Why mobile competitor are willing to risk an Apple suit
Although Apple has numerous multitouch patents, several competitors are willing to deploy multitouch capabilities even at risk of a lawsuit, says Chris Hazelton, an analyst at the 451 Group, because of multitouch's importance for mobile apps, particularly games. "A lot of apps today and many more going forward will require the ability to register more than one touch at a time. Companies like Palm and Motorola are using multitouch and may or may not have patent protection on multitouch -- but are willing to risk it," he says.
The reason is simple: Without multitouch capability in their devices, mobile vendors "won't be competitive against iPhone, in particular," says Yankee Group's Howe.
One reason they're willing to risk possible suits from Apple is a belief they likely have mobile patents that Apple or others may be infringing. For example, HTC ended up licensing some mobile software stack with the knowledge that they have patents in other areas Apple may be infringing on, said 451 Group's Hazelton.
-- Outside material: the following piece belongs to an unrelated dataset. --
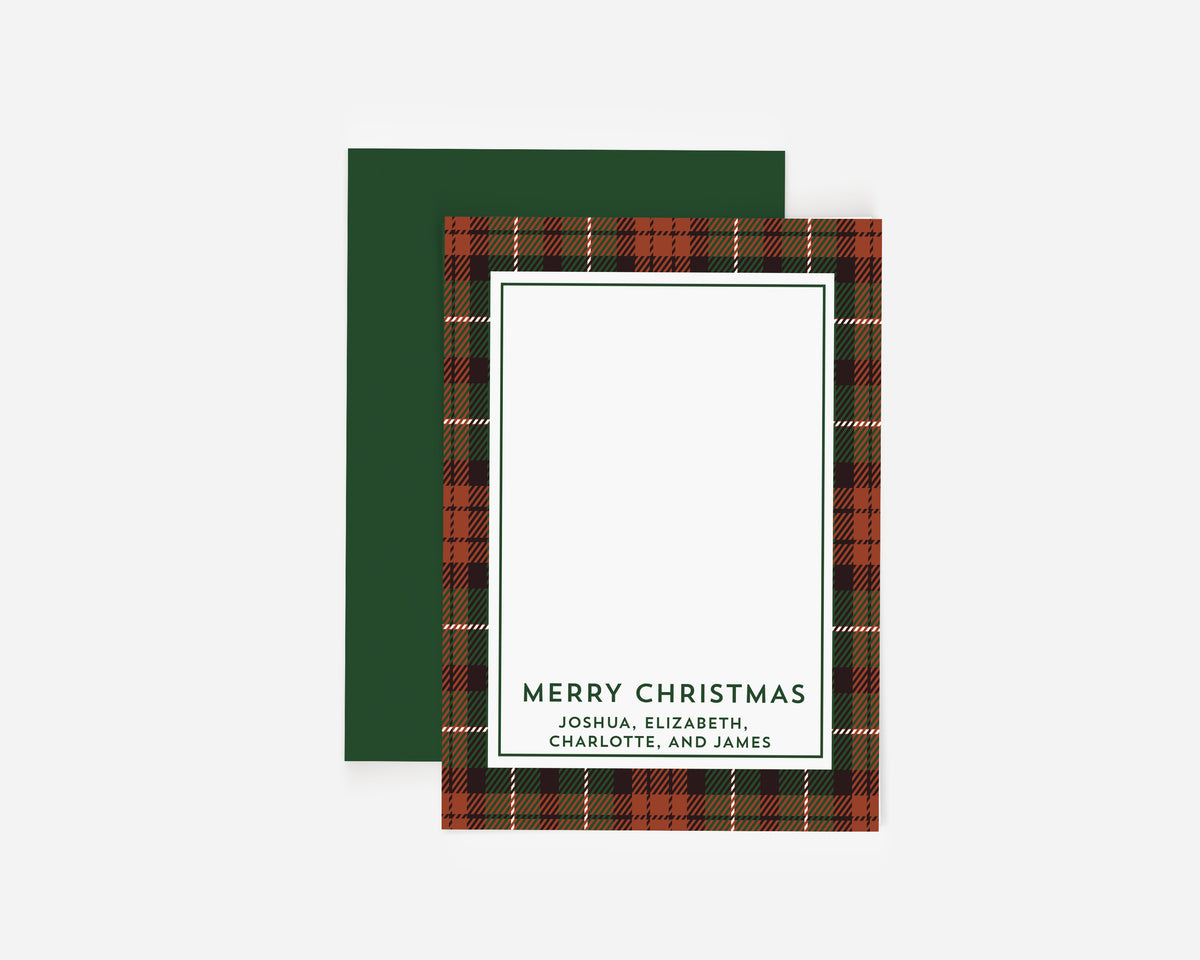 Green Plaid Christmas Card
It's unclear if Apple has licensed or offered to license its multitouch technology to competitors. None of the companies involved would disclose details of the suits or their mobile patent concerns. Yankee Group's Howe says that Apple has been reluctant to cross-license, which would trade with competitors the rights to use its multitouch in return for the right to use their technologies in its iPhone and iPad. Cross-licensing is a common technique to settling such disputes; for example, Apple and Microsoft settled their user interface dispute this way a decade ago.